# Work to be completed
Under this line are the records; write out word for word the part that begins at the line containing "Cleveland Browns quarterback" and ends at the line containing "A romantic black", and no more.

BEGIN Material for this exercise

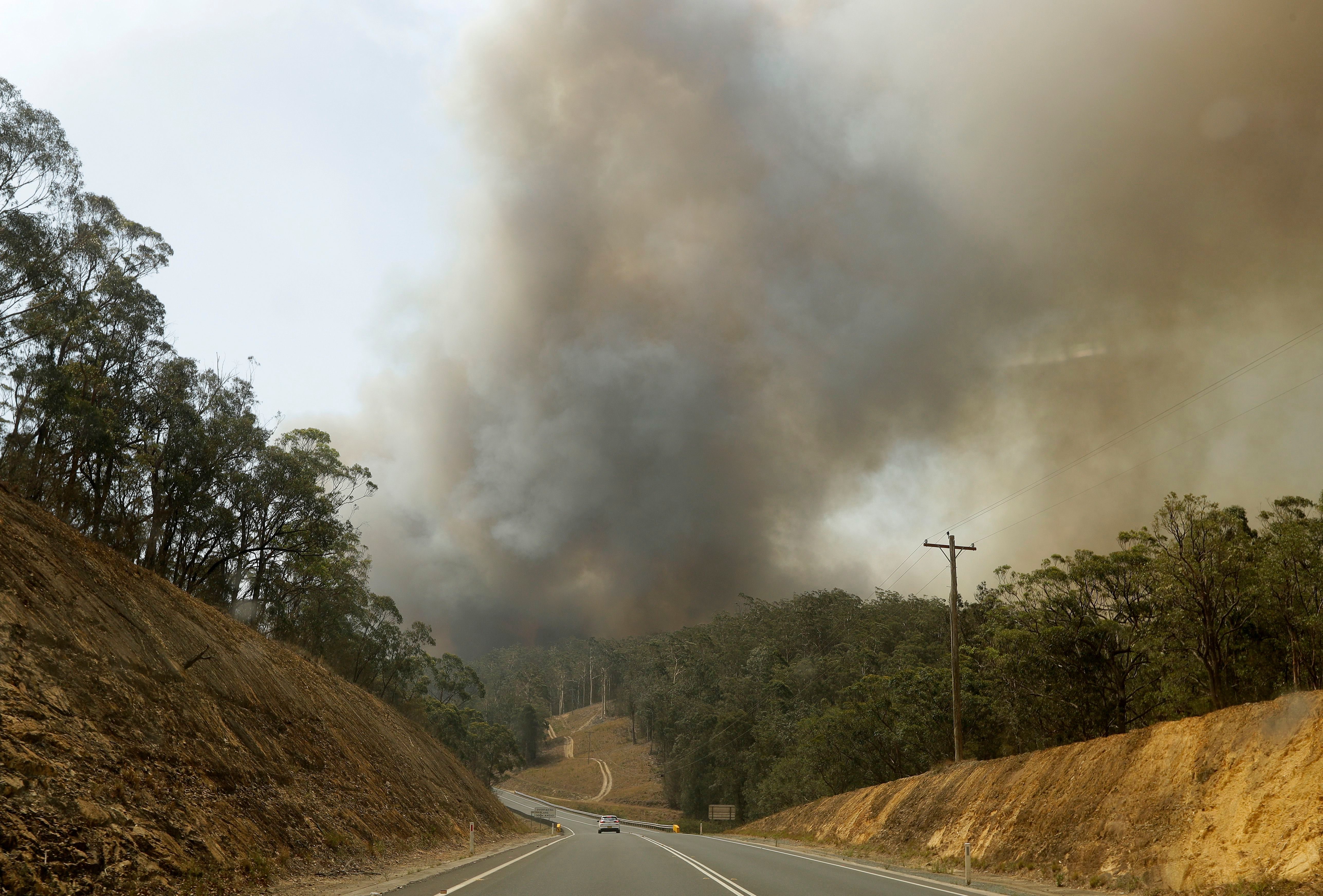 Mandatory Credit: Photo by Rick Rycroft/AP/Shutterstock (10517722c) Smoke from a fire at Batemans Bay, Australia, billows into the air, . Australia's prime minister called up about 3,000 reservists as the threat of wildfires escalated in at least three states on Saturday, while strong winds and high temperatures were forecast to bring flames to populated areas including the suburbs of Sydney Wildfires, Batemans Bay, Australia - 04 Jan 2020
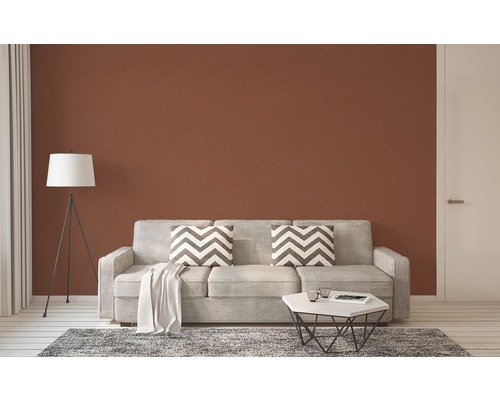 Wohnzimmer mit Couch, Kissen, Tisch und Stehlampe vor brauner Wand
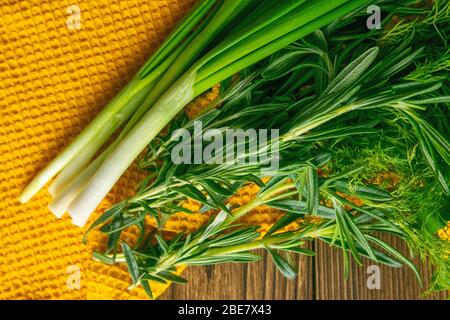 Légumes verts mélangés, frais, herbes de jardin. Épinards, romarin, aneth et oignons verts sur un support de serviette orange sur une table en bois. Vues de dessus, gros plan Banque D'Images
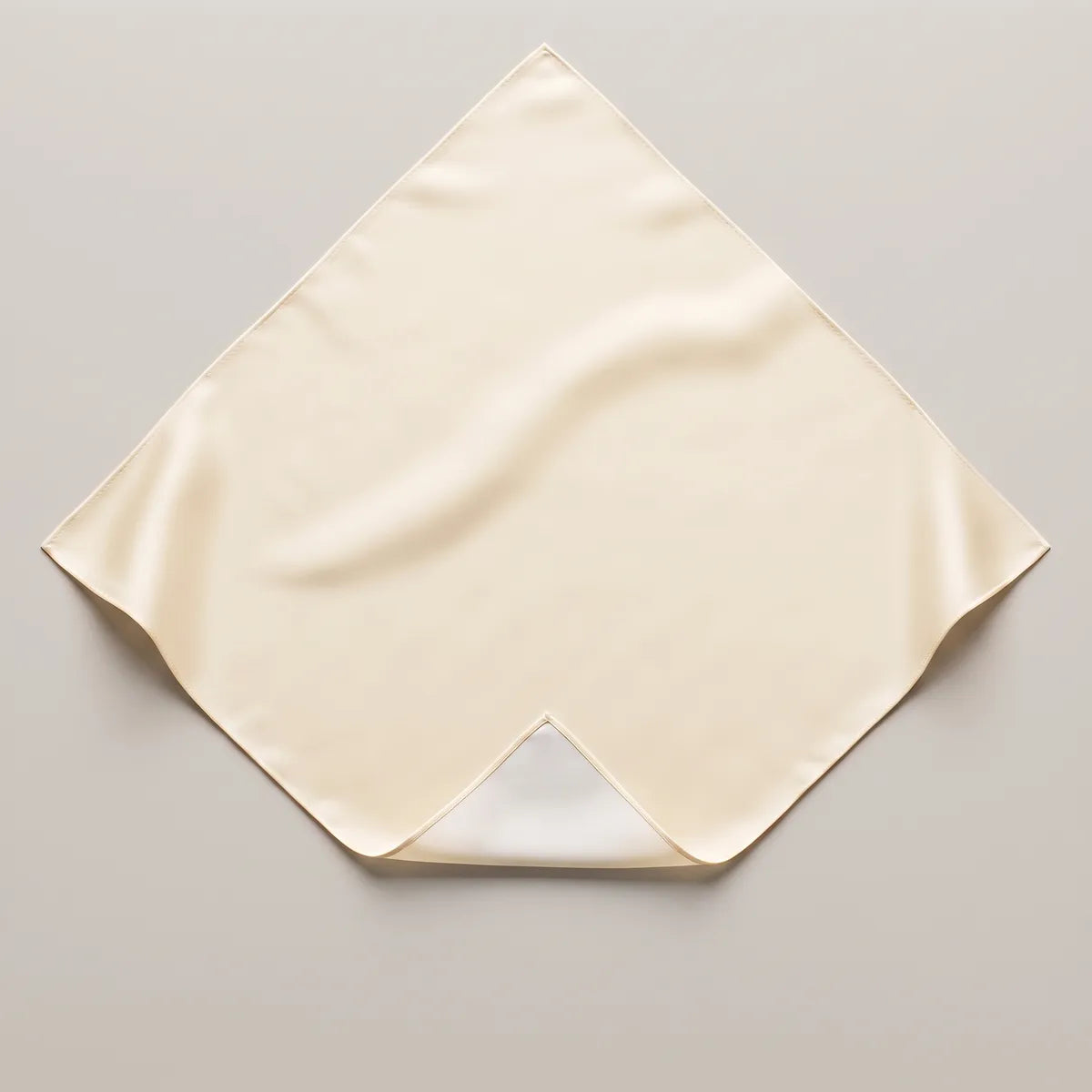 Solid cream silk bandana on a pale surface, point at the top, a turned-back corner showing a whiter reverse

END Material for this exercise
BEGIN Material for this exercise

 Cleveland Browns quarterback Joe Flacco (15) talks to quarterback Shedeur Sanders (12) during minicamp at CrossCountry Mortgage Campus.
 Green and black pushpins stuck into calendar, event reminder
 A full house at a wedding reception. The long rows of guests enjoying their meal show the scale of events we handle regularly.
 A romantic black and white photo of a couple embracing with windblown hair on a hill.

END Material for this exercise

# Written answer
 Cleveland Browns quarterback Joe Flacco (15) talks to quarterback Shedeur Sanders (12) during minicamp at CrossCountry Mortgage Campus.
 Green and black pushpins stuck into calendar, event reminder
 A full house at a wedding reception. The long rows of guests enjoying their meal show the scale of events we handle regularly.
 A romantic black and white photo of a couple embracing with windblown hair on a hill.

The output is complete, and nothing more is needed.